■ **MATERIAL FOR THIS TASK**
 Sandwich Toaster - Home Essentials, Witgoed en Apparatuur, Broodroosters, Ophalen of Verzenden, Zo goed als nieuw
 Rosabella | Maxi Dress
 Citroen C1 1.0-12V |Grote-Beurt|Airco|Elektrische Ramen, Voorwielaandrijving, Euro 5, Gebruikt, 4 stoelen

==

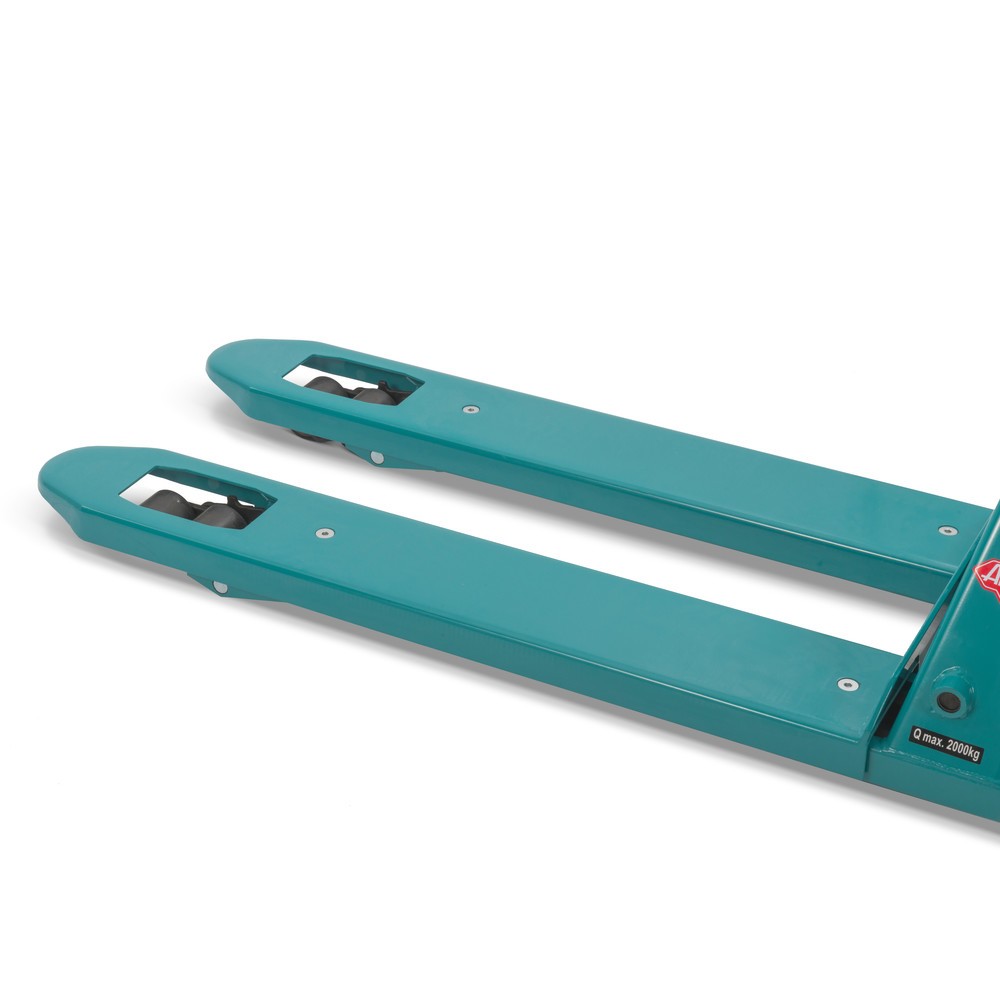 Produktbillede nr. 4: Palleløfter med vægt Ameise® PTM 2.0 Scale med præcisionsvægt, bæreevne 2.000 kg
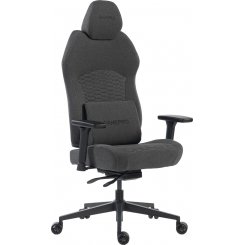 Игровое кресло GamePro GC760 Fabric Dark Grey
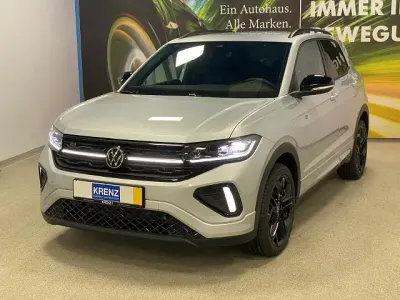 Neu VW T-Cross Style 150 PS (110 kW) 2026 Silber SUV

■ **PROMPT**
I'd like the lines above repeated exactly, from the one that contains "Produktbillede nr. 4: Palleløfter" through the one that contains "Neu VW T-Cross", with no pictures.

■ **SOLVED PROBLEM**
 Produktbillede nr. 4: Palleløfter med vægt Ameise® PTM 2.0 Scale med præcisionsvægt, bæreevne 2.000 kg
 Игровое кресло GamePro GC760 Fabric Dark Grey
 Neu VW T-Cross Style 150 PS (110 kW) 2026 Silber SUV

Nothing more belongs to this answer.